"GITAR... DIMANAKAH SENGATMU?"
Oleh: Michael Gunadi Widjaja
“Hei! udah sore nih…jangan gitaran
aja dong!!”
Di bagian
lain,seorang ketua RT berkeluh kesah:
“Wah,banyak pemuda di kampung kita
yang kerjanya Cuma gitaran melulu..”
Juga seorang
ibu dari seorang anak SMP yang dengan kesalnya setengah berteriak:
”STOP! Udah sih! Berhenti! Hentikan
tuh gitaran mu! Jrang jreng jrang jreng tak karuan...”
Ilustrasi
tersebut setidaknya menyiratkan pada kita bahwa sampai detik ini, bermain gitar
masih diidentikkan dengan kegiatan yang kurang bermakna. Kegiatan pengisi waktu
yang malah membuang waktu. Juga sebuah aktifitas yang “mengganggu” sampai batas tertentu.
Yang menarik
adalah, jika kita cermati, hampir tidak ada, dan mungkin malah tidak akan
pernah ada, orang, atau orang tua yang berteriak “SUDAH JANGAN BERPIANO TERUS!” Kenapa fenomena ini terjadi? Faktual
yang paling mudah ditengarai adalah karena alat musik piano berharga mahal,
bahkan sangat mahal. Jadi logikanya, karena piano sudah dibeli dengan sangat
mahal, orang tua malah akan sangat gembira jika sang anak terus menerus
keasyikan bermain piano. Berbeda dengan gitar yang dengan lima ratus ribu
rupiah saja sudah bisa mendapat gitar kualitas bagus. Untuk piano….hehehehe…dua puluh juta pun hanya
mendapat piano bekas yang disana-sini mulai dihinggapi rayap.
And that’s
guitar. Itulah gitar. Senantiasa dipandang
sebelah mata, dinilai rendah, dan dimiskinkan. Kadang hanya karena persepsi
yang dibangun oleh sebuah identitas dan keidentikan yang semu semata. Sejak
awal perkembangannya gitar memang sarat dengan penilaian underestimate. Ada serangkaian kisah menarik tentang gitar.

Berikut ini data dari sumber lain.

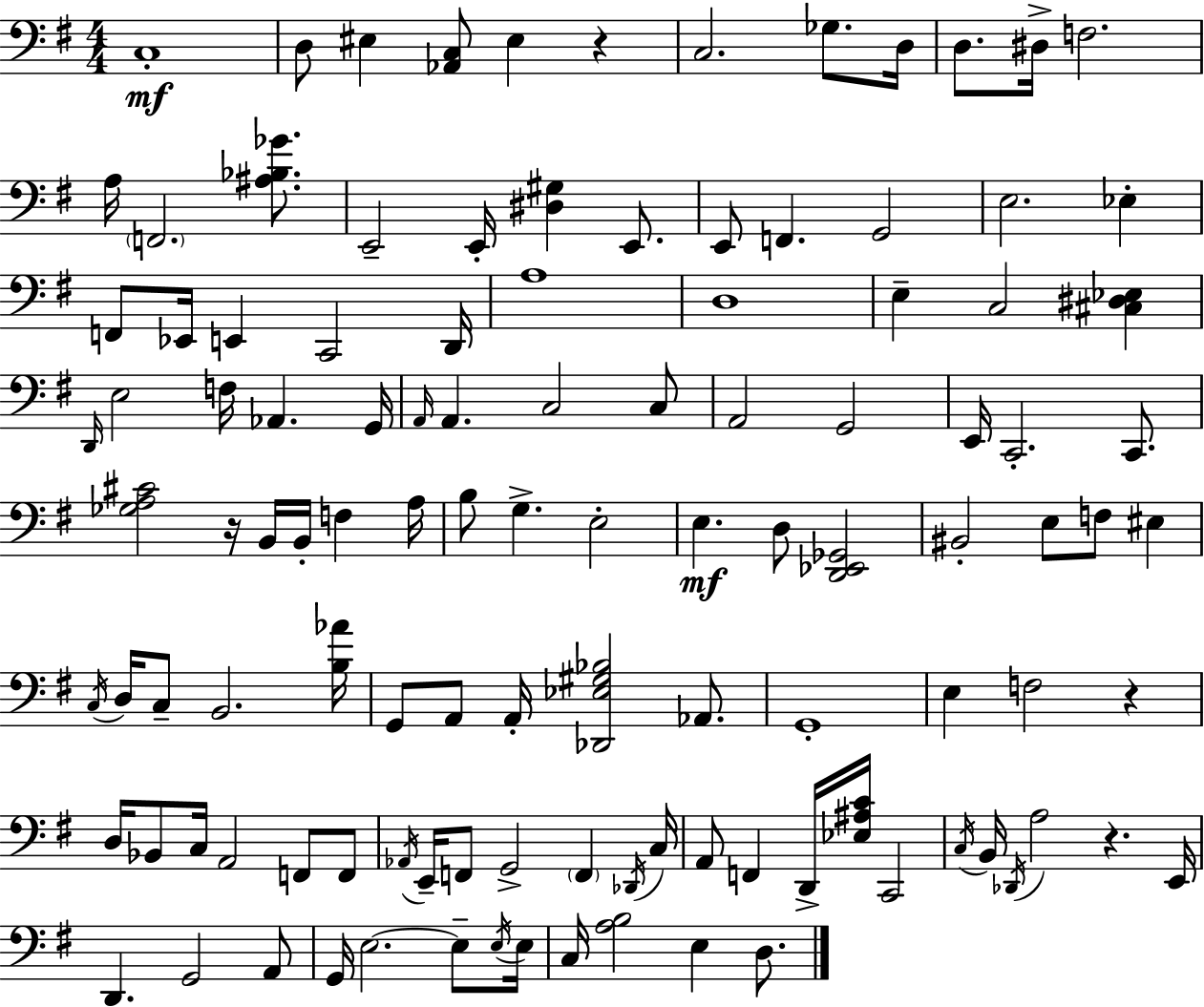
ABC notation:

Barangkali saja kisah tersebut sempat menyapa otak dan menebarkan aroma di
sanubari kita semua bahwa tidak selamanya yang murah dan merakyat itu tidak
punya kelas.
LUTE
VIHUELA
Banyak para
musikolog yang meyakini bahwa gitar berasal dari keluarga vihuela dan chitarra roman
- alat musik kuno yang sangat populer di Eropa. Dari vihuela dan chitarra
roman, yang berkembang di Syria menjadi alat musik oud (gitar Arab dengan bodi seperti buah terong), dan yang
berkembang di Spanyol menjadi gitar seperti yang kita kenal sekarang ini. Sejak
awal perkembangan gitar, sebetulnya telah banyak ditulis buku-buku tentang metode
dan teknik bermain gitar, seperti: Fernando
Sor, Dionisio Aguado, dan Ferdinando
Carulli. Namun debut mereka seakan terpupuskan oleh kepopuleran lute (alat
musik petik mirip oud) yang masa itu sangat populer di kalangan istana kerajaan
di Eropa.
OUD
Iklim segar
bagi gitar nampaknya dimulai ketika Fransisco
Tarrega memulai debutnya. Dari Tarrega inilah kita mengenal posisi memegang
gitar seperti yang lazim digunakan gitaris klasik masa kini, yakni: gitar
bersandar pada kaki kiri yang ditopang oleh foot
stool. Posisi ini memungkinkan tangan kiri dan jari-jari bergerak dengan
sangat leluasa. Tarrega juga memulai eksplorasi imitasi bunyi dengan dawai
gitar. Diantaranya adalah imitasi bunyi snare drum, tambur, klarinet, sampai
bunyi instrumen tiup bassoon. Juga diperkenalkan teknik penjarian yang
mengadaptasi teknik penjarian alat musik piano. Sedemikian piawainya Fransisco
Tarrega memainkan gitar hingga ada ungkapan bahwa: “DI TANGAN TARREGA, GITAR BISA
MENANGIS DAN TERTAWA.” Kepiawaian Tarrega ternyata tidak disertai
dengan publikasi dan popularitas. Tarrega hanya kerap bermain bagi kalangan yang
sangat terbatas, hanya untuk para siswa dan sahabat dekatnya saja. Beruntung, dari
salah satu siswanya, ada yang berhasil membuat debut yang menakjubkan, dan
bahkan menjadikan gitar memperoleh harkat dan martabat yang layak bagi sebuah
alat musik seni. Dia adalah ANDRES
SEGOVIA, legenda gitar yang abadi.
ANDRES
SEGOVIA
Debut Andres
Segovia dimulai ketika dia mengadakan sebuah konser. Sebelum konser, tersebar
berita bahwa dalam konser nanti komposisi karya Johann Sebastian Bach akan diperdengarkan melalui gitar. Komposisi
yang dimaksud adalah “CHACONNE” yang diperuntukkan bagi
solo biola. Banyak orang yang mentertawakan bahkan melecehkan Andres Segovia. Bagaimana
mungkin, gitar yang saat itu lebih populer hanya sebagai pengiring lagu rakyat
jelata bisa memainkan score biola yang rumit dan kompleks? Dan ternyata Andres
Segovia mampu menepis semua cibiran. “Chaconne” karya Bach berhasil
dimainkan dengan sama indahnya seperti saat dialunkan dengan biola. Sejak itulah
pamor gitar menjadi naik. Bukan sekedar alat musik pengiring belaka, melainkan
juga sebuah alat musik dengan virtuositas yang tinggi.
Andres Segovia plays Bach
Wow…. siapa bilang Gitar tak bersengat???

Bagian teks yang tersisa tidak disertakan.